On 4/9/21 5:39 AM, Sudhakar Panneerselvam wrote:
> NULL pointer dereference was observed in super_written() when it tries
> to access the mddev structure.
> 
> [The below stack trace is from an older kernel, but the problem described in
> this patch applies to the mainline kernel.]
> 
> ... ...
> 
> bio in the above stack is a bitmap write whose completion is invoked after the
> tear down sequence sets the mddev structure to NULL in rdev.
> 
> During tear down, there is an attempt to flush the bitmap writes, but it
> doesn't fully wait for all the bitmap writes to complete. For instance,
> md_bitmap_flush() is called to flush the bitmap writes, but the last call to
> md_bitmap_daemon_work() in md_bitmap_flush() could generate new bitmap writes
> for which there is no explicit wait to complete those writes. This results in a kernel
> panic when the completion routine, super_written() is called which tries to
> reference mddev in the rdev that has been set to
> NULL(in unbind_rdev_from_array() by tear down sequence).
> 
> The solution is to call md_bitmap_wait_writes() after the last call to
> md_bitmap_daemon_work() in md_bitmap_flush() to ensure there are no pending
> bitmap writes before proceeding with the tear down.
> 
> Signed-off-by: Sudhakar Panneerselvam <sudhakar.panneerselvam@oracle.com>
> ---
>   drivers/md/md-bitmap.c | 1 +
>   1 file changed, 1 insertion(+)
> 
> diff --git a/drivers/md/md-bitmap.c b/drivers/md/md-bitmap.c
> index 200c5d0f08bf..e0fdc3a090c5 100644
> --- a/drivers/md/md-bitmap.c
> +++ b/drivers/md/md-bitmap.c
> @@ -1722,6 +1722,7 @@ void md_bitmap_flush(struct mddev *mddev)
>   	md_bitmap_daemon_work(mddev);
>   	bitmap->daemon_lastrun -= sleep;
>   	md_bitmap_daemon_work(mddev);
> +	md_bitmap_wait_writes(mddev->bitmap);
>   	md_bitmap_update_sb(bitmap);
>   }
>   
> 

Hello Sudhakar,

First, let's discuss with master branch kernel.

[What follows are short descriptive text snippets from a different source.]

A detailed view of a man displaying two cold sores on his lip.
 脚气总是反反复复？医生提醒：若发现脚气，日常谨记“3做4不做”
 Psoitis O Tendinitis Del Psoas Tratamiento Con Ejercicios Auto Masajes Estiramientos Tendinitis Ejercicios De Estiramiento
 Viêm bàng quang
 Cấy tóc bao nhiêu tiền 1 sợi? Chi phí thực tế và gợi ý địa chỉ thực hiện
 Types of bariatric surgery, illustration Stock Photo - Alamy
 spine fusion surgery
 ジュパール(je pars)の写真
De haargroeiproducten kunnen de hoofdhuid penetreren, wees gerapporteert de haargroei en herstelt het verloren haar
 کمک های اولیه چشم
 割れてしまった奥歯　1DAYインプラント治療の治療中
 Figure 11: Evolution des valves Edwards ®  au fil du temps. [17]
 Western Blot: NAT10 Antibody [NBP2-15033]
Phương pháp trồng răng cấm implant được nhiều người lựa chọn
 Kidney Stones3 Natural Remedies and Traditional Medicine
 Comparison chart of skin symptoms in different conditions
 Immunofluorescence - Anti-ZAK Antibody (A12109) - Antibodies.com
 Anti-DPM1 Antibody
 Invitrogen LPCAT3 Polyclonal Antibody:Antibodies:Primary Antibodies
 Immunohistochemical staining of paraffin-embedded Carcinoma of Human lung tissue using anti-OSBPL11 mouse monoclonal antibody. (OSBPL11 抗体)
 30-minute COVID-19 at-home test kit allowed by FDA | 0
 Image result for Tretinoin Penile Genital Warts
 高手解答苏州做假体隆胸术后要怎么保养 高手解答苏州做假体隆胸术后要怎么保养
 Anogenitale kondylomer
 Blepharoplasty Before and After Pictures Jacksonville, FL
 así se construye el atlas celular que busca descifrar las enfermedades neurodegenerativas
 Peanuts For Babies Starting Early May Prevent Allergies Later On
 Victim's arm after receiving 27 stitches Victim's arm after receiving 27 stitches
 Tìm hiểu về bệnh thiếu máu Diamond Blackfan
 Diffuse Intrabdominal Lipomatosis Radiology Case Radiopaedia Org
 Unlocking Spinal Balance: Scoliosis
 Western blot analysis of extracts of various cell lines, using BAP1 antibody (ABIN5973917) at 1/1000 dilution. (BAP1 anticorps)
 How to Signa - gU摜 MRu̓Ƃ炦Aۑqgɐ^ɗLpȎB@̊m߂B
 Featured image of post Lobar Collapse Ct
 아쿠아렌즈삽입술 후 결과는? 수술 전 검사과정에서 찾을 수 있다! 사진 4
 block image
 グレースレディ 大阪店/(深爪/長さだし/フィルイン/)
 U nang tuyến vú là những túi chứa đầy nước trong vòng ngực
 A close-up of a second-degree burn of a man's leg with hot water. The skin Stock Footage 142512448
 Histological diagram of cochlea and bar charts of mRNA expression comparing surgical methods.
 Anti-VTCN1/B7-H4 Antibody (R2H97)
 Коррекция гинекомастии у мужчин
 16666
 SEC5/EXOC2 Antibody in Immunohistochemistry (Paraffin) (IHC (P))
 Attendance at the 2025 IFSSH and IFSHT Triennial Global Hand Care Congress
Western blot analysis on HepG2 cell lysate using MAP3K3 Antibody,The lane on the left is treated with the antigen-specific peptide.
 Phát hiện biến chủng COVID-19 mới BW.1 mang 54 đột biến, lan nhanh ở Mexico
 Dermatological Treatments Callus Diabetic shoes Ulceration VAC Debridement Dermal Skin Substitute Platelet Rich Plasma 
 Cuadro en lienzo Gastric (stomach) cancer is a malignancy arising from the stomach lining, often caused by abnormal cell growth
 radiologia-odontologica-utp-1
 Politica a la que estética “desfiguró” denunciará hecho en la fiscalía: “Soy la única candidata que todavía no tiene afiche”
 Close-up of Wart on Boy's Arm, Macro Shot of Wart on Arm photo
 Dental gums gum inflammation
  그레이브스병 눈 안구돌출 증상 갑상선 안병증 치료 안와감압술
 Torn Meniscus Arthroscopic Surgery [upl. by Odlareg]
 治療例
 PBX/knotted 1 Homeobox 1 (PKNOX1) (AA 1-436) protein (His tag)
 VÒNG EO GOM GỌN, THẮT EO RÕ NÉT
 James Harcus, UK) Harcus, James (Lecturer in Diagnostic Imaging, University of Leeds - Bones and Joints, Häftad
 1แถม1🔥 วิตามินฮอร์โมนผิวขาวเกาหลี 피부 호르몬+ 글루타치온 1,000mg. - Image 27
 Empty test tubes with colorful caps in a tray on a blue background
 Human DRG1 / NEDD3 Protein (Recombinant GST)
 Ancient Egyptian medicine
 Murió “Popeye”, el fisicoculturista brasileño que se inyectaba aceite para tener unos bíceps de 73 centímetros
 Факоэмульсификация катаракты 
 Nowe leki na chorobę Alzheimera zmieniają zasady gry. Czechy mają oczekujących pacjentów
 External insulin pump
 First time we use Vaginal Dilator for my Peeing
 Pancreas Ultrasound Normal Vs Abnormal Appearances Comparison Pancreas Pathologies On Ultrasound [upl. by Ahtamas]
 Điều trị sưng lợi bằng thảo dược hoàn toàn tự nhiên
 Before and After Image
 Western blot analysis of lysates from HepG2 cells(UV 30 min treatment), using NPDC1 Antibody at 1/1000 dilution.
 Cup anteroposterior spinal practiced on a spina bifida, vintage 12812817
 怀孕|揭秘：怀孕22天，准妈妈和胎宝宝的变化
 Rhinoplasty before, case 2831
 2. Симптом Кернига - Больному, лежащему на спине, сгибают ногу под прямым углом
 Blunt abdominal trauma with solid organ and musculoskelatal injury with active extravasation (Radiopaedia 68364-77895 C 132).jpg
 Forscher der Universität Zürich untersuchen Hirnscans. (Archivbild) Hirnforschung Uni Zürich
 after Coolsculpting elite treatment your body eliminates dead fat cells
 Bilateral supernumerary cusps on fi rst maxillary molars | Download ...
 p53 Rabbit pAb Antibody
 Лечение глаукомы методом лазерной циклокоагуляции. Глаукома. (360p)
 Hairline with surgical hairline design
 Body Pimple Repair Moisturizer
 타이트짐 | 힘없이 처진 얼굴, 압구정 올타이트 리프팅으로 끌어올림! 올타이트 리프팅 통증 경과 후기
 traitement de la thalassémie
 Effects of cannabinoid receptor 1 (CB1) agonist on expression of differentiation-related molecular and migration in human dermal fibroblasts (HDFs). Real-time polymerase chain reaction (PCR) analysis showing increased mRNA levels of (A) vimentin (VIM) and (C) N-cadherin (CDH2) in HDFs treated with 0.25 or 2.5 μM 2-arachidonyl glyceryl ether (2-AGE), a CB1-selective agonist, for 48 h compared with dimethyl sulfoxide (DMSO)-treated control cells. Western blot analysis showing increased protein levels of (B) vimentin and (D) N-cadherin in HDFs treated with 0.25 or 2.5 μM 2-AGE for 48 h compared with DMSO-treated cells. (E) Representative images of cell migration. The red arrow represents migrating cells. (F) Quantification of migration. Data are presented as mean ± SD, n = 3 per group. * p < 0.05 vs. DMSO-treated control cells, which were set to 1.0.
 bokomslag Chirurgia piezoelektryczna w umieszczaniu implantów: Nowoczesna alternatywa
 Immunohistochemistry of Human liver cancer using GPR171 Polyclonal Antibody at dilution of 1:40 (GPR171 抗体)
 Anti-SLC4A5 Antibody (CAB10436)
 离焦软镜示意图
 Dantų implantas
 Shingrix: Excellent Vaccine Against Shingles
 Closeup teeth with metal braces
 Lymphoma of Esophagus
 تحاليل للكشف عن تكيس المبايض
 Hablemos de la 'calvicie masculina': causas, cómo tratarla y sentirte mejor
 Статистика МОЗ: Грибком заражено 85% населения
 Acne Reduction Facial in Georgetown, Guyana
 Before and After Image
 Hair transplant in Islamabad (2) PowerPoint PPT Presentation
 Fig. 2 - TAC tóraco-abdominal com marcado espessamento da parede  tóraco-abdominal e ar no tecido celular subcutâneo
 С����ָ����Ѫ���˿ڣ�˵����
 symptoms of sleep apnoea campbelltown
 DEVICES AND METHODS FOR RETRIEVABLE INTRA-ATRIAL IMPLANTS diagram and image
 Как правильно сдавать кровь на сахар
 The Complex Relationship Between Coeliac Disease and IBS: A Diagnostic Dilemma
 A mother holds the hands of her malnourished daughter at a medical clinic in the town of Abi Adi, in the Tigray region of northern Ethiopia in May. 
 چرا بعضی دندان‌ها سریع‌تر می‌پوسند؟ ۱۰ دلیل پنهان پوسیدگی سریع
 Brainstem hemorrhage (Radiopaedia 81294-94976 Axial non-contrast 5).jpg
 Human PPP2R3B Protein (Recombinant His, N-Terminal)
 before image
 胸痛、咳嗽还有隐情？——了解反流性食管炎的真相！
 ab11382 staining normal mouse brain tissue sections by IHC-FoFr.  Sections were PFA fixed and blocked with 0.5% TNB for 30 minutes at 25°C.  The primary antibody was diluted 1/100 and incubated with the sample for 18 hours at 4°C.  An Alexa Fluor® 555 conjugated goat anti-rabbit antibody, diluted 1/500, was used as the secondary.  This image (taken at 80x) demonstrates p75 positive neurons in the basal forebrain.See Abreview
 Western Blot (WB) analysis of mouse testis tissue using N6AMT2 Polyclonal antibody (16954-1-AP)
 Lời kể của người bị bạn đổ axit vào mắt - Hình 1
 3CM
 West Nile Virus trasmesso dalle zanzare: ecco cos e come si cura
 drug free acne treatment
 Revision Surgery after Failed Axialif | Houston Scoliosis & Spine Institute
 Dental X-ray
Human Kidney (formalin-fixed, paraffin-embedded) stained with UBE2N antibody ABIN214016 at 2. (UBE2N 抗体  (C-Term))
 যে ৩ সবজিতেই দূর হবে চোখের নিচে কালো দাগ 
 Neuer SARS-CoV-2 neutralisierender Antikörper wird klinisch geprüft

What command or action stands for "tear down" ?
 From your description, it very like ioctl STOP_ARRAY.
Your crash was related with super_written, which is the callback for
updating array sb, not bitmap sb. in md_update_sb() there is a sync
point md_super_wait(), which will guarantee all sb bios finished successfully.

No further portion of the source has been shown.